A Republican is in the White House. That means it’s time for Republicans to believe that the economy is booming — and Democrats to get pessimistic about it.
The Huffington Post’s Ariel Edwards-Levy has some fun poll results demonstrating exactly how that is happening. Virtually all surveyed Donald Trump voters believe — incorrectly — that the economy added more jobs in 2017 than in 2016. A plurality of Hillary Clinton voters believe the opposite.
Overall, a plurality of people surveyed believe more jobs were created in 2017 than in 2016. But when given a stronger prompt, the picture changes a bit: When people were asked whether more jobs were created in Barack Obama’s last year or in Trump’s first year, the numbers flip, with a narrow plurality crediting Obama.
There are several things going on here. One is that people in general probably believe (correctly) that, overall, 2017 was a better year for the economy, and also may have heard (again, correctly) that the official unemployment rate went down, and concluded (incorrectly) that all the economic and employment news, including newly added jobs, must have gotten better as well.

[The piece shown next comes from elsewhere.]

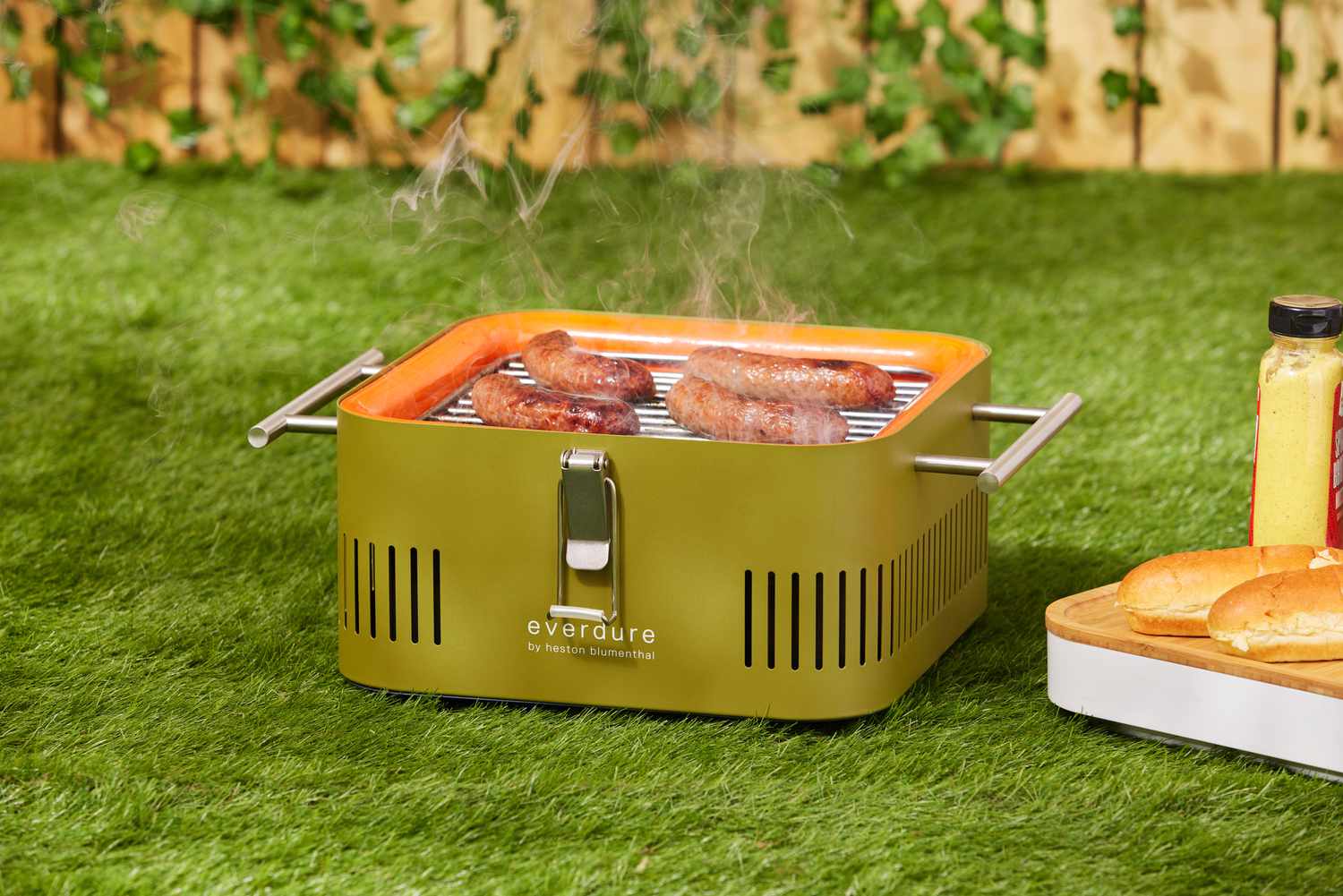 Sausage grilling on Everdure Cube Portable Charcoal Grill displayed on grass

Another thing is that a stronger partisan prompt has no effect on Trump voters in this case because they don’t need it. It seems likely that Republicans in 2017 were more likely to listen to good economic news and ignore the bad, and since all in all there was more good than bad, they would up thinking everything was good.

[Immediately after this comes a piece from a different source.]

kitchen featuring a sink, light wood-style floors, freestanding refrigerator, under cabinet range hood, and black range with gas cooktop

From 2010 through 2016, as the mild but steady economic recovery chugged along, those same Republicans almost certainly underrated the economy — just as Republicans tended to deny that the U.S. had entered into a recession during the first half of 2008, when George W. Bush was president.
That was an impressive feat of cognitive bias, but it’s not the worst one I know about. Democrats during Ronald Reagan’s presidency somehow convinced themselves that inflation actually rose while that Republican was in the White House. Because Reagan had been elected in large part because of 1970s inflation and few by the end of his term even talked about it, that was a truly impressive feat of partisan cognitive bias.

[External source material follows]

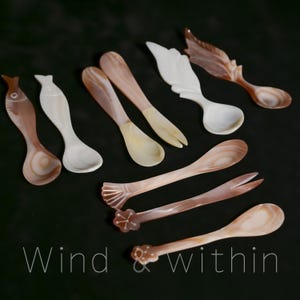 May include: A collection of decorative spoons and forks in various designs, including fish and wing shapes. The utensils are made of a pearlescent material with brown and white tones. The text "Wind & within" is at the bottom.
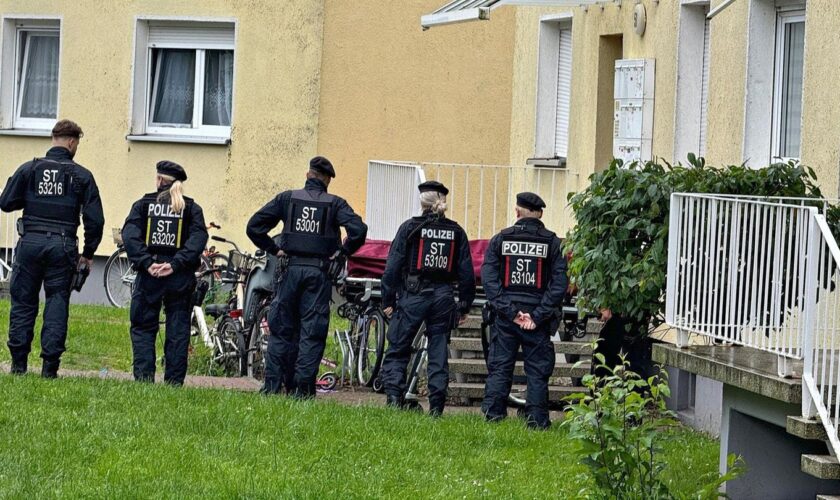 Fünf Polizistinnen und Polizisten stehen vor einem Haus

The good news is that despite all that, economic fundamentals still have an impressive effect on election results, which gives incumbent politicians a strong incentive to lift up the economy (and in the process presumably make people’s lives better), even though partisans will predictably discount a lot of what happens. There are enough true swing voters and weak partisans who will react (more or less) to reality that self-interested politicians will care about reality, too.
Sure, it’s more or less; after all, most people in the survey cited above got the fact wrong. But it’s close enough to make that function of elections reasonably successful.